SOURCE MATERIAL START

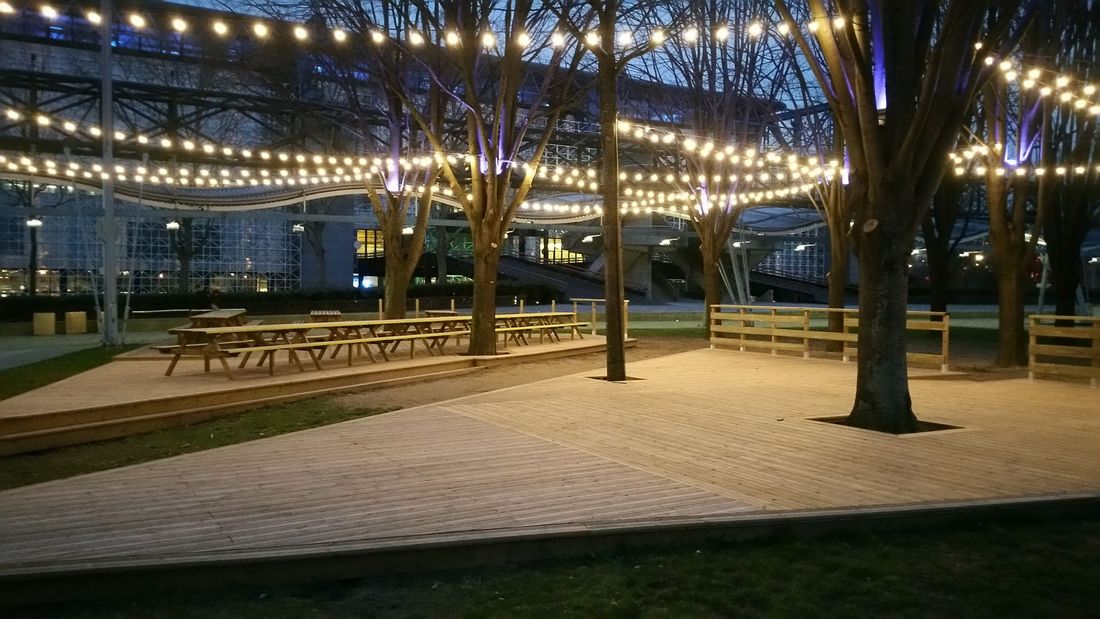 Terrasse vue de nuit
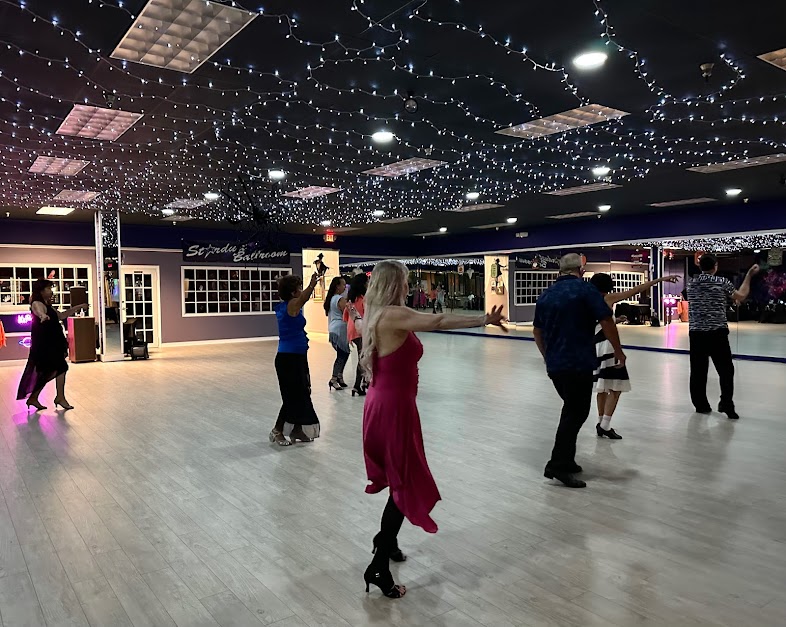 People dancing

SOURCE MATERIAL END
SOURCE MATERIAL START

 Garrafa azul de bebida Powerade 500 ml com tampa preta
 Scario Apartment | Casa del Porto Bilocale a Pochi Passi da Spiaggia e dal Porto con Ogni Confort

SOURCE MATERIAL END

> [WORK INSTRUCTION]
Where the listing above has a line with "Garrafa azul de", start there, and output every line exactly through the line with "Scario Apartment |", which is also included.

> [COMPLETED EXERCISE]
 Garrafa azul de bebida Powerade 500 ml com tampa preta
 Scario Apartment | Casa del Porto Bilocale a Pochi Passi da Spiaggia e dal Porto con Ogni Confort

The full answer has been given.